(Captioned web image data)
....................

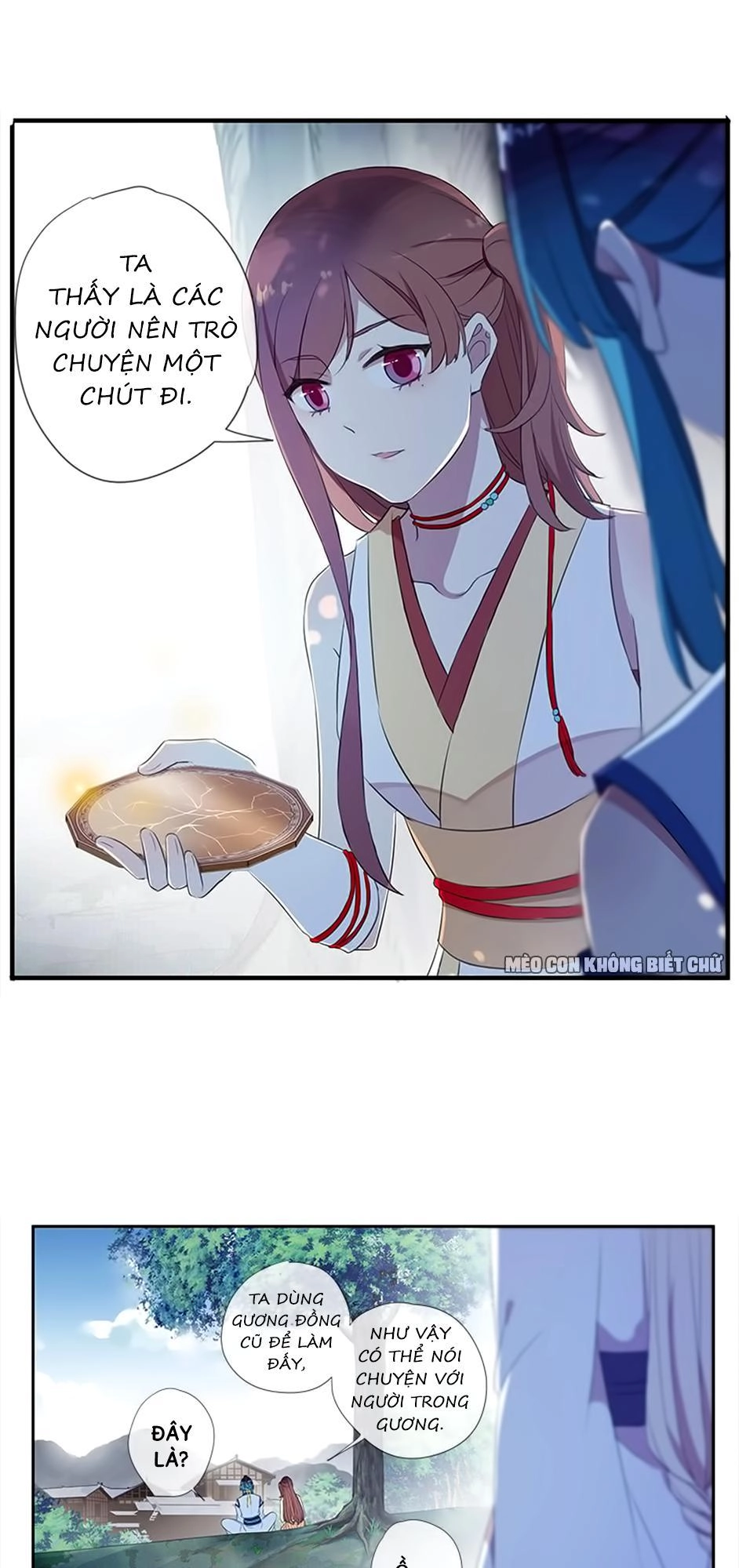 Bách Yêu Dị Văn Chapter 36 - 34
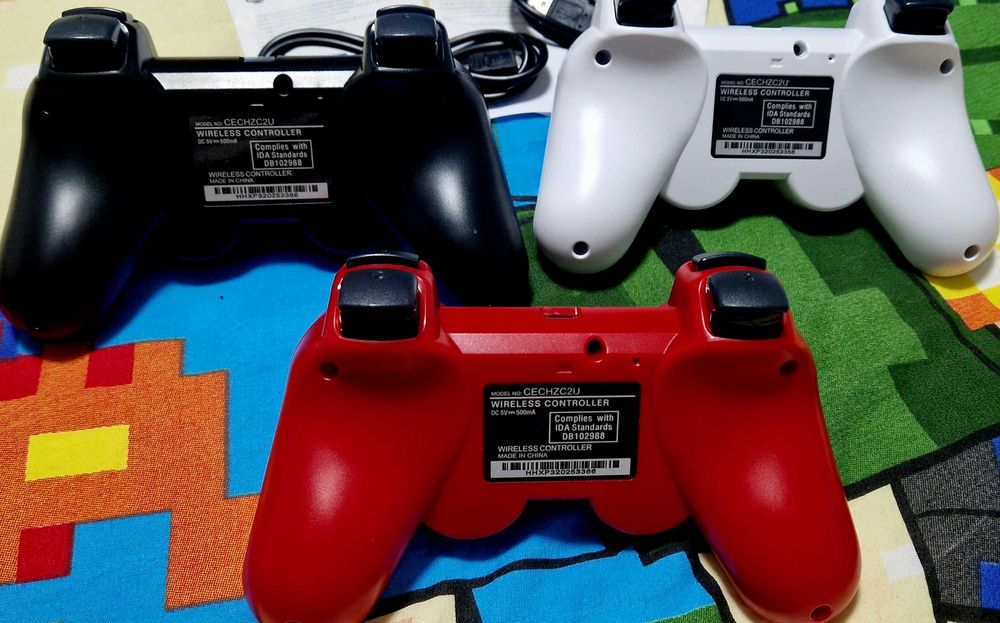 Maneta consola ps3 noi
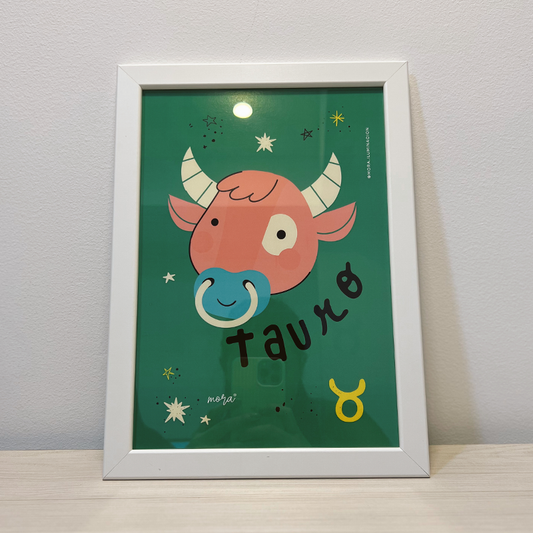 Cuadros decorativos horóscopo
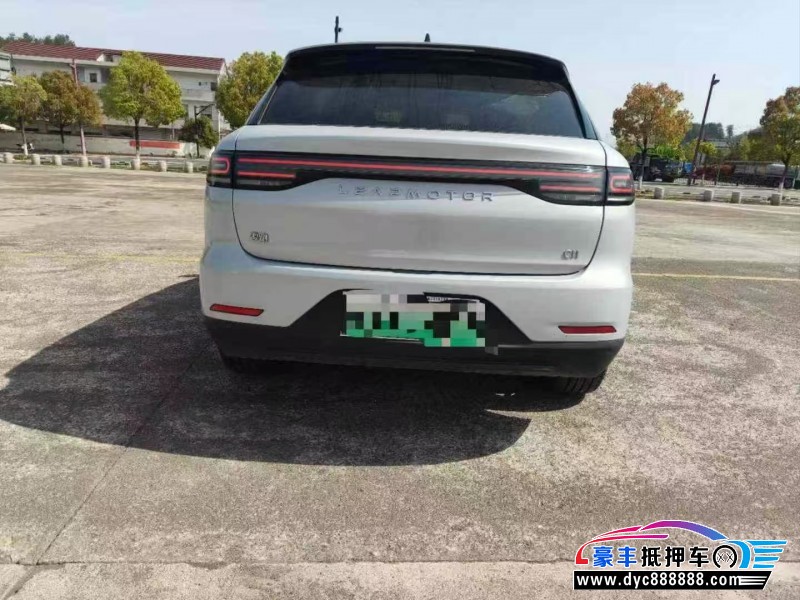 23年零跑C11轿车抵押车出售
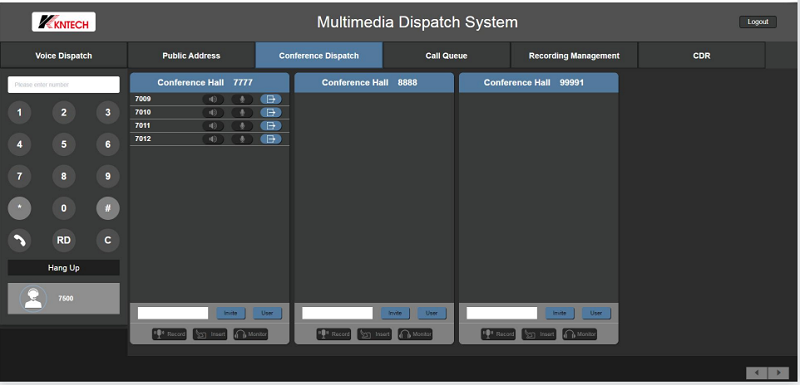 pa system for highway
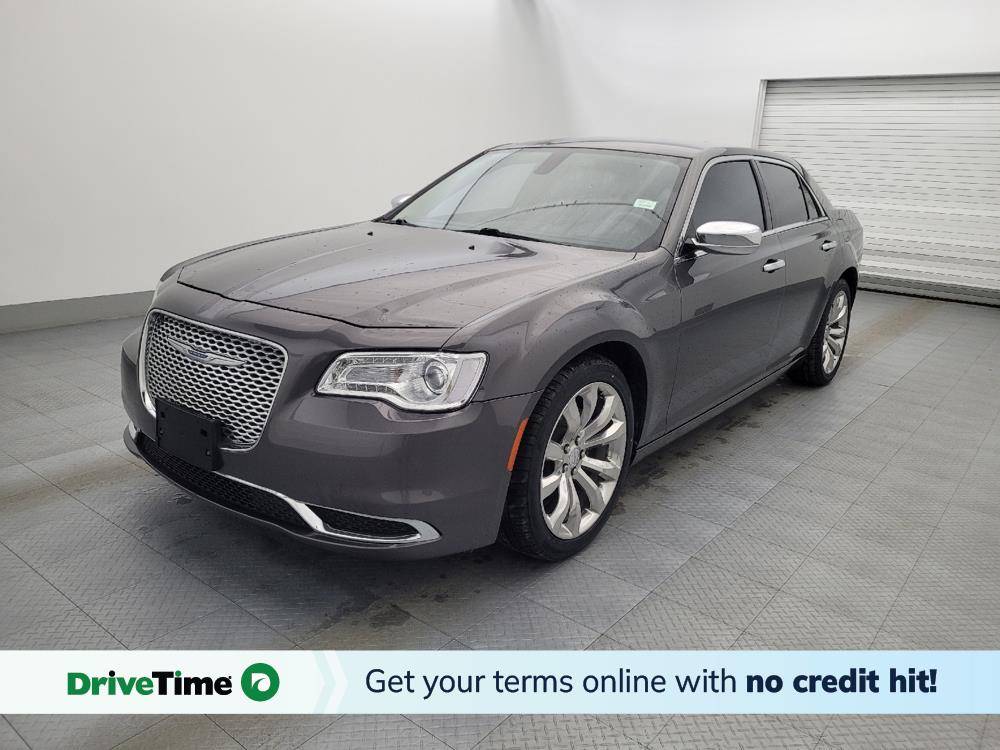 2017 Chrysler 300 Limited — Sedan — 57,365 mi — Fort Myers, FL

....................

◆ Work order ◆
Would you please copy, exactly and only, the lines from the one with "pa system for highway" through the end of the entries above, skipping every picture?

◆ Solution to this exercise ◆
 pa system for highway
 2017 Chrysler 300 Limited — Sedan — 57,365 mi — Fort Myers, FL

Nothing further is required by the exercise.